## DIRECTIONS
What is needed is a word-for-word copy of the lines below from the one with "Irmgard Schoendorf Welch" through the one with "For Infinix Hot", both included, with every picture left out.

## DATA FOR PROCESSING
=-=-=

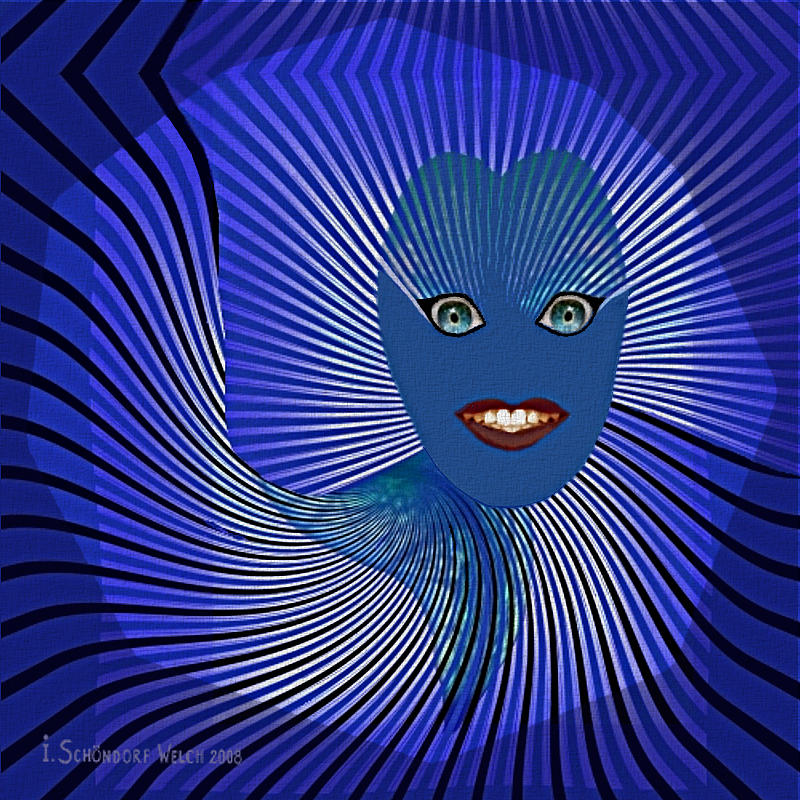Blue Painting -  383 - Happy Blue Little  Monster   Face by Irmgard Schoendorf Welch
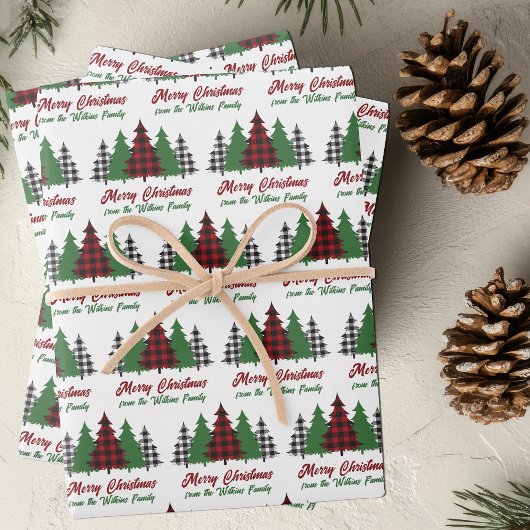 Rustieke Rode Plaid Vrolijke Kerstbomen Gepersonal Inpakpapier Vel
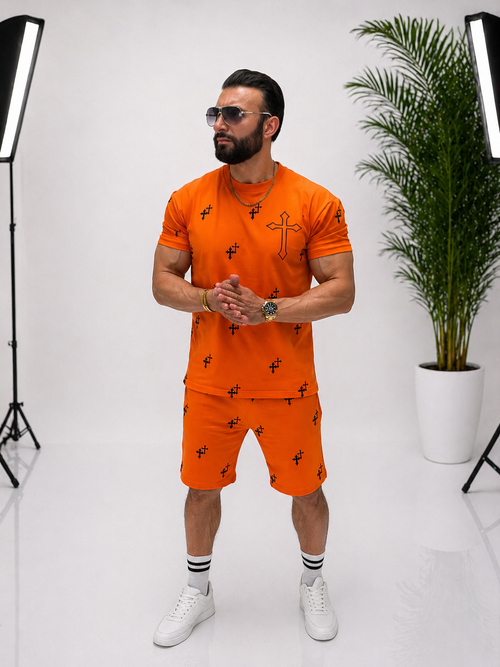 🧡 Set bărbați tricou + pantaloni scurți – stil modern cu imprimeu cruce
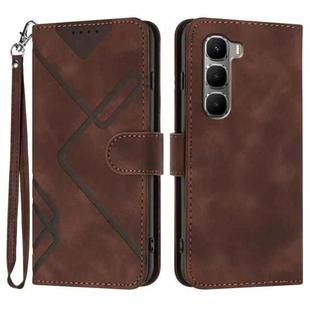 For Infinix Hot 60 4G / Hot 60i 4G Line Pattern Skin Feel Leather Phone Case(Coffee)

=-=-=

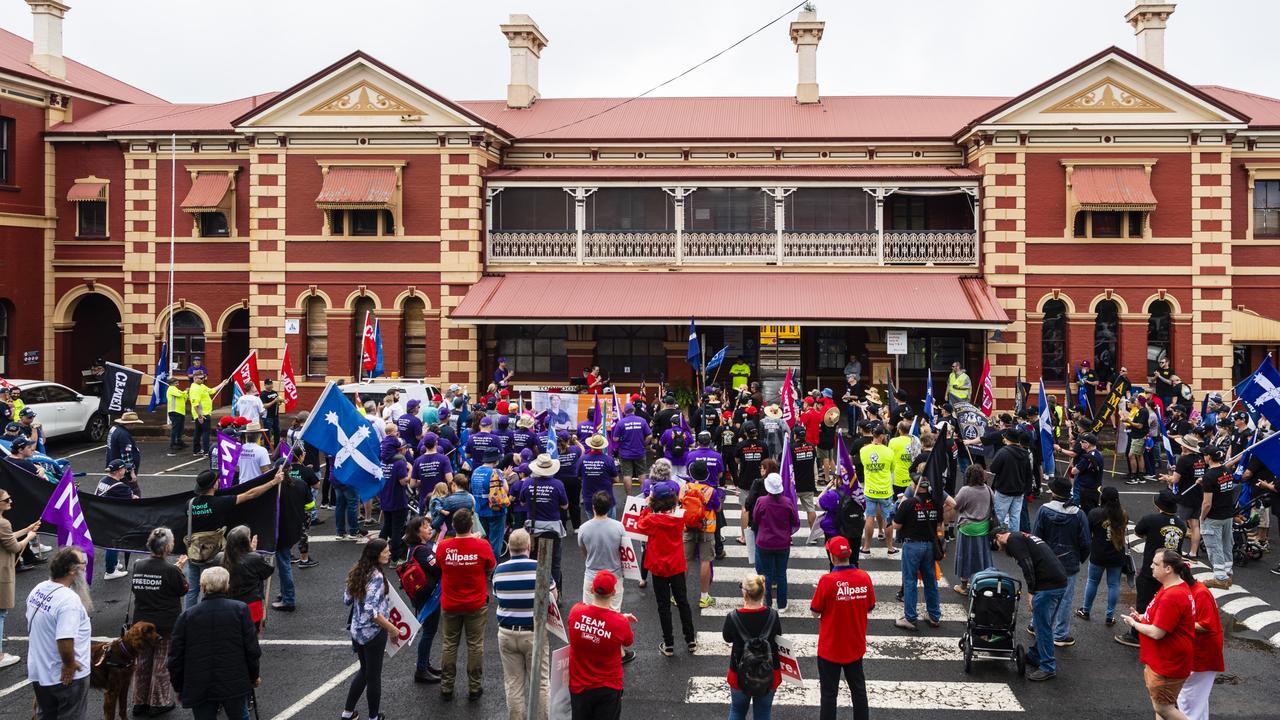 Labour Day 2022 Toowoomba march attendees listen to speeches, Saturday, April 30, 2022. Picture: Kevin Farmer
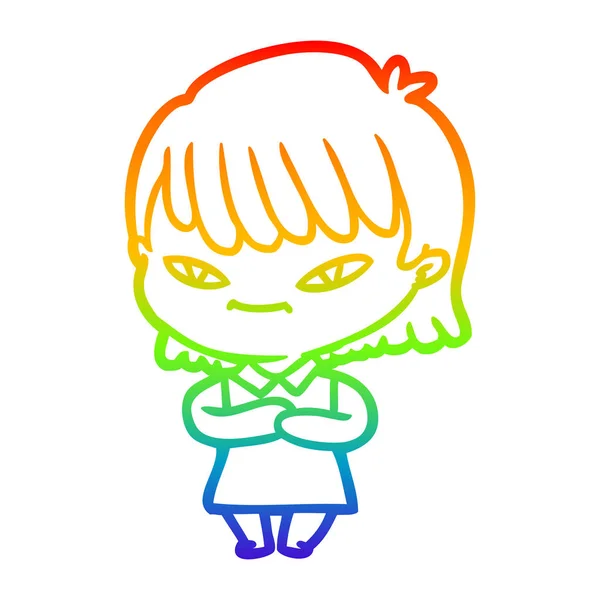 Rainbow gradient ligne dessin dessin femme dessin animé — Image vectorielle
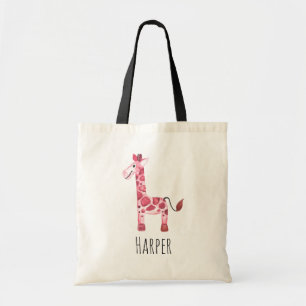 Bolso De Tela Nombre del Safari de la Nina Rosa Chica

=-=-=

## SOLUTION FOR THIS PROBLEM
Blue Painting -  383 - Happy Blue Little  Monster   Face by Irmgard Schoendorf Welch
 Rustieke Rode Plaid Vrolijke Kerstbomen Gepersonal Inpakpapier Vel
 🧡 Set bărbați tricou + pantaloni scurți – stil modern cu imprimeu cruce
 For Infinix Hot 60 4G / Hot 60i 4G Line Pattern Skin Feel Leather Phone Case(Coffee)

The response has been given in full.